● **Record set**:

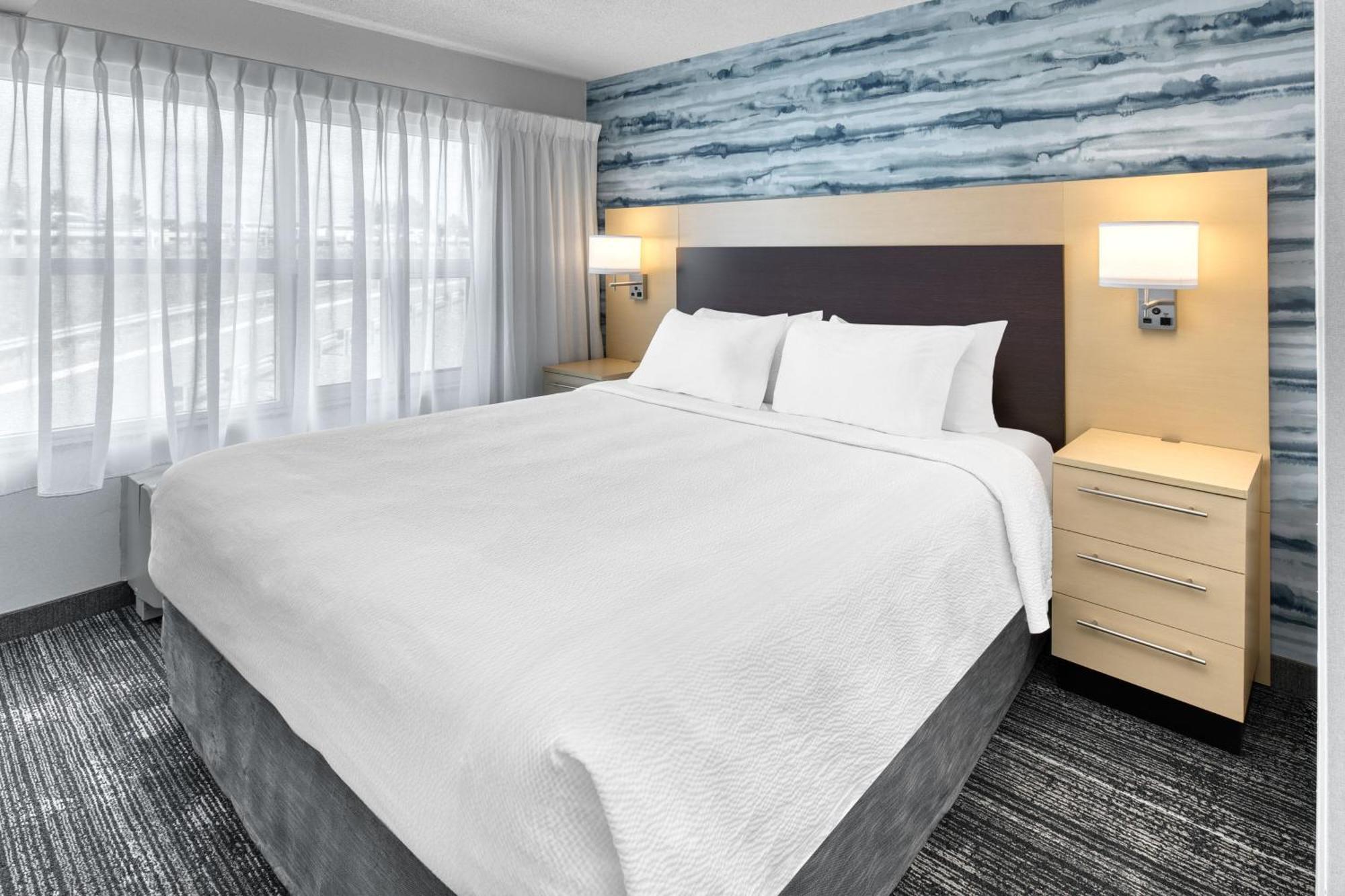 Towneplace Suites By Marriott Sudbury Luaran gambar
* * *
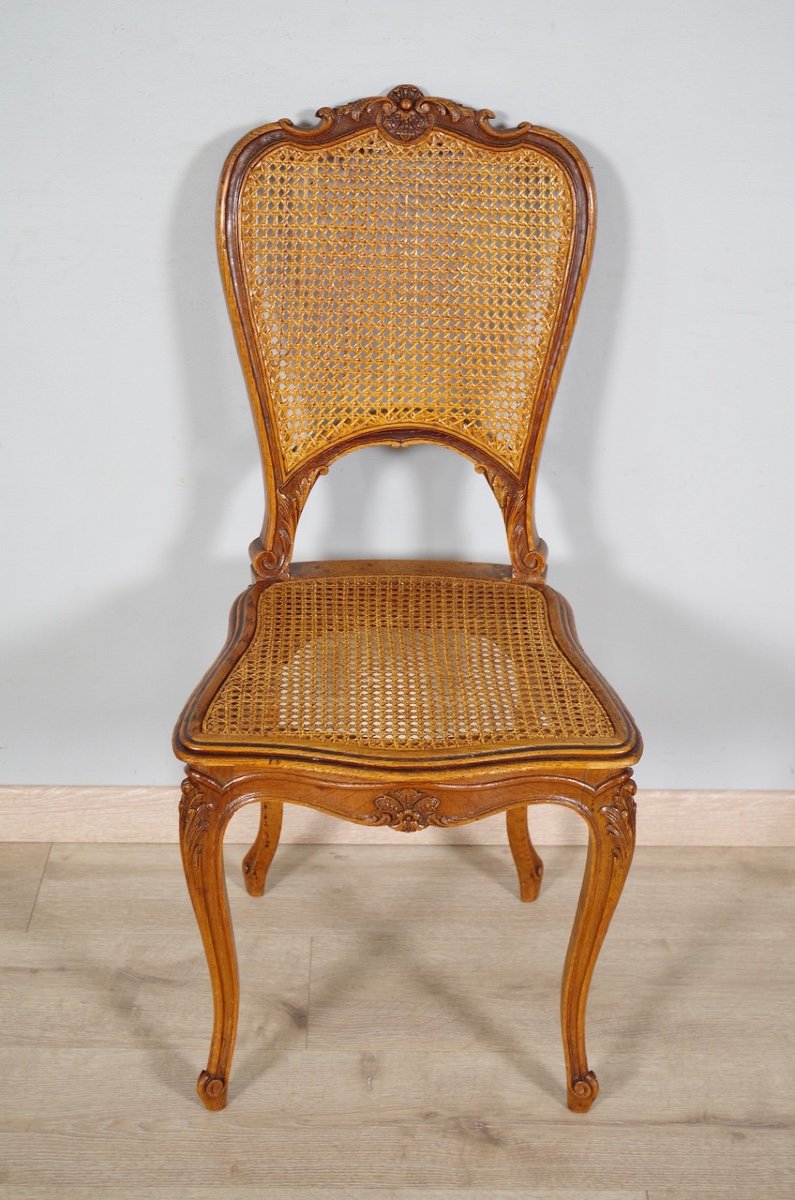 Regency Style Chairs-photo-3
* * *
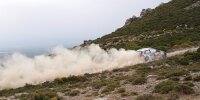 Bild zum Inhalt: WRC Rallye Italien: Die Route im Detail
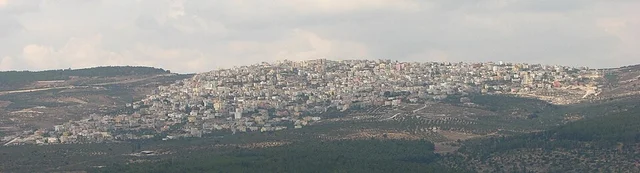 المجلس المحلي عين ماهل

● **Exercise prompt**:
Pictures aside, return exactly the lines from the data above, starting at the line that has "Bild zum Inhalt: WRC" and ending at the line that has "المجلس المحلي عين ماهل", both included.

● **Written solution**:
 Bild zum Inhalt: WRC Rallye Italien: Die Route im Detail
 المجلس المحلي عين ماهل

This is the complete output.